Y se marcharon con el sargento en dirección al cobertizo.
—Buenos días, inspector. Buenos días, doctor Grice. ¡Ah!, ¿es usted, Ware? ¿A qué debo el honor de esta visita matinal?
El vicario había salido de la casa. Era un hombre que frisaba en la cincuentena, de mediana estatura, sólidamente construido, de rasgos firmes y cabello más bien gris. Había dirigido su pregunta al inspector, que le contestó:
—Se lo explicaré llanamente, míster Mount. ¿Es suyo este sombrero?
El vicario lo tomó y lo miró.
—Sí, desde luego.
—En tal caso, ¿tendría usted inconveniente en decirme cuándo lo vio por última vez?

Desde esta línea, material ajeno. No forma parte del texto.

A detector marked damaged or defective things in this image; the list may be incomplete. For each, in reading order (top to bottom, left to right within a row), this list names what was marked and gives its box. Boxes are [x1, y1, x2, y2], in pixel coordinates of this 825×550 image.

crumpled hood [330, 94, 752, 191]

—Es muy sencillo. Para ser absolutamente exacto, a las diez y veinte de anoche.
—¿Y dónde?
—Está usted muy misterioso, inspector, pero se lo diré. Un vecino, que vive enfrente, estuvo comiendo aquí anoche con su sobrina.

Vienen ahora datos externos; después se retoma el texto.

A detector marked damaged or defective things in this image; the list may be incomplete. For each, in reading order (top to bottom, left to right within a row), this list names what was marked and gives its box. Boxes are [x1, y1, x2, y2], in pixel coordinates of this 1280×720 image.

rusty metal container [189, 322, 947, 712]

»Partieron alrededor de las diez. Bajé hasta el río para despedirlos y me puse el sombrero. Después de que el almirante llegara al otro lado en el bote, con su sobrina, me senté en aquella pequeña glorieta y fumé una pipa. Entonces me quité el sombrero y lo deposité sobre el asiento, a mi lado, y, distraído, olvidé ponérmelo de nuevo para volver a casa. Fue entonces cuando comparé mi reloj de bolsillo con el reloj grande del vestíbulo: eran las diez y veinte. Pero ¿quiere decirme por qué me pregunta eso y para qué han venido ustedes? ¿Acaso ha ocurrido algo?
—Sin duda, señor. Este sombrero fue encontrado en su bote en las primeras horas de esta mañana. Y en su bote, arrastrado por el flujo de la marea, iba el cadáver de su vecino de enfrente, al almirante Penistone..., asesinado, míster Mount.